For a friend, so don't shoot the messenger. Is there a particular pub Man United fans go to watch games.


----------



## Felixtoo2 (Jan 16, 2009)

There`s usually a good crowd in the Underground at the Habtoor.


----------



## Andy Gers Fan (Oct 1, 2010)

I think Felixtoo2 may be on the windup, the Underground is a Liverpool pub. 

Hopefuly your team can get a good result today Mr Rossi.


----------



## Mr Rossi (May 16, 2009)

Andy Gers Fan said:


> I think Felixtoo2 may be on the windup, the Underground is a Liverpool pub.


I did wonder that myself.



Andy Gers Fan said:


> Hopefuly your team can get a good result today Mr Rossi.


Hahaha, I bet you do though it's a pretty tall order.


----------



## Jumeirah Jim (Jan 24, 2011)

Harvester at Crowne Plaza is the home of Man U supporters club in Dubai according to Time Out. Never noticed when I've been in there.


----------



## Mr Rossi (May 16, 2009)

Jumeirah Jim said:


> Harvester at Crowne Plaza is the home of Man U supporters club in Dubai according to Time Out.


I saw that, they also say Boston Bar is too but when watching the recent United/City cup tie in there, there was only one Man U supporter in.


----------



## Southak (Sep 13, 2010)

Felixtoo2 said:


> There`s usually a good crowd in the Underground at the Habtoor.

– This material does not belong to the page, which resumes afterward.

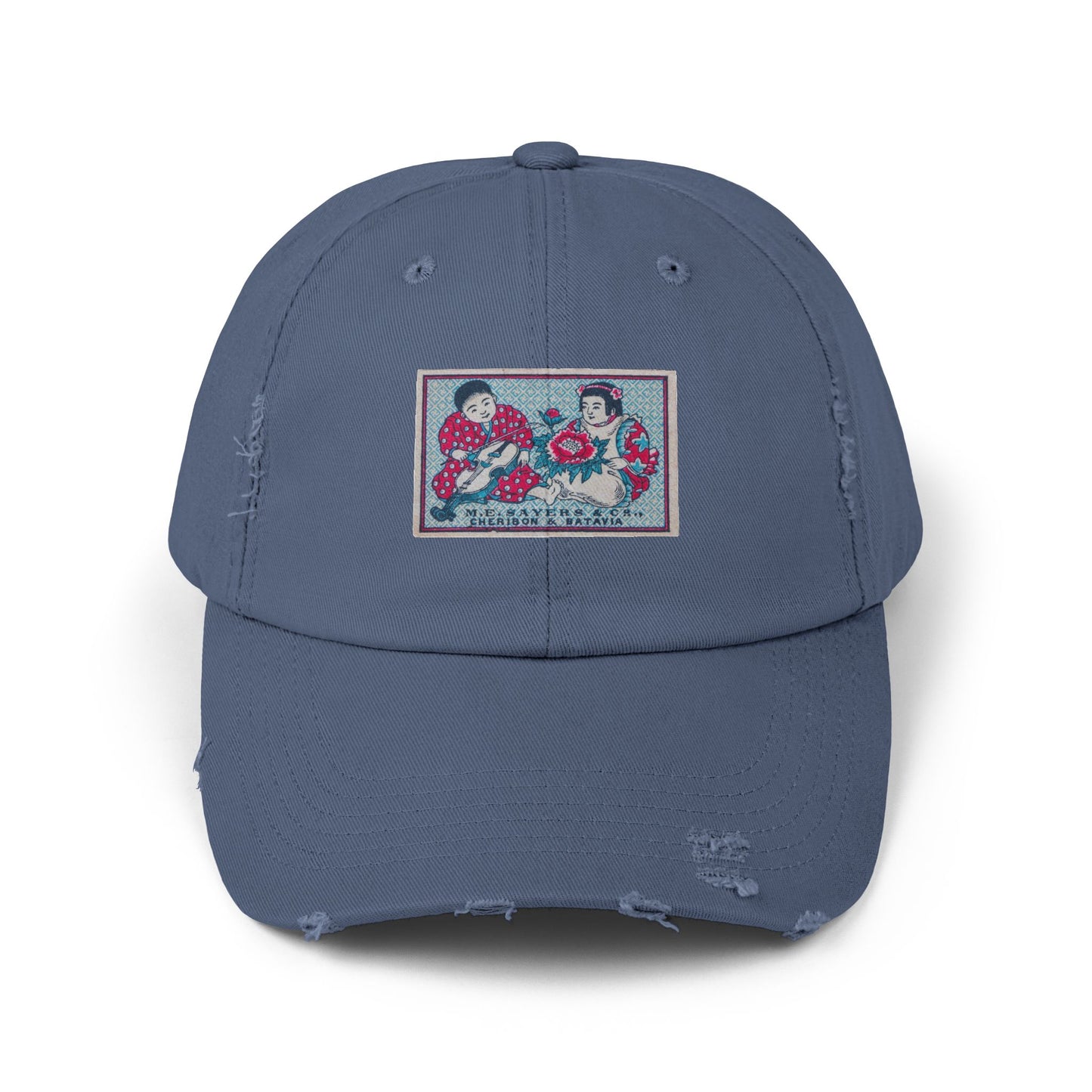 Sayers Children and Peony Vintage Matchbox Label Distressed Cap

This is the home of the liverpool supporters club.


----------



## Southak (Sep 13, 2010)

Andy Gers Fan said:


> I think Felixtoo2 may be on the windup, the Underground is a Liverpool pub.
> 
> Hopefuly your team can get a good result today Mr Rossi.


Just read this sorry lol


----------



## Felixtoo2 (Jan 16, 2009)

I think you`ll find that if you go to Underground for any of Uniteds European matches it is exclusively filled with Man U fans, we usually have a regular table booked. Liverpool fans are a fairly fickle species and only seem to turn up when their team is going well so its been a fairly quiet year for them!!


----------



## Bigjimbo (Oct 28, 2010)

Mr Rossi said:


> I saw that, they also say Boston Bar is too but when watching the recent United/City cup tie in there, there was only one Man U supporter in.


This is 1 more then you'll find in Manchester!


----------



## Felixtoo2 (Jan 16, 2009)

I guess the old jokes are the good ones huh?


----------



## Southak (Sep 13, 2010)

Bigjimbo said:


> This is 1 more then you'll find in Manchester!


Old Trafford isn't even in Manchester. It's like saying Reading are London United!


----------



## thecork (Apr 20, 2009)

Southak said:


> Old Trafford isn't even in Manchester. It's like saying Reading are London United!


Since when?!


----------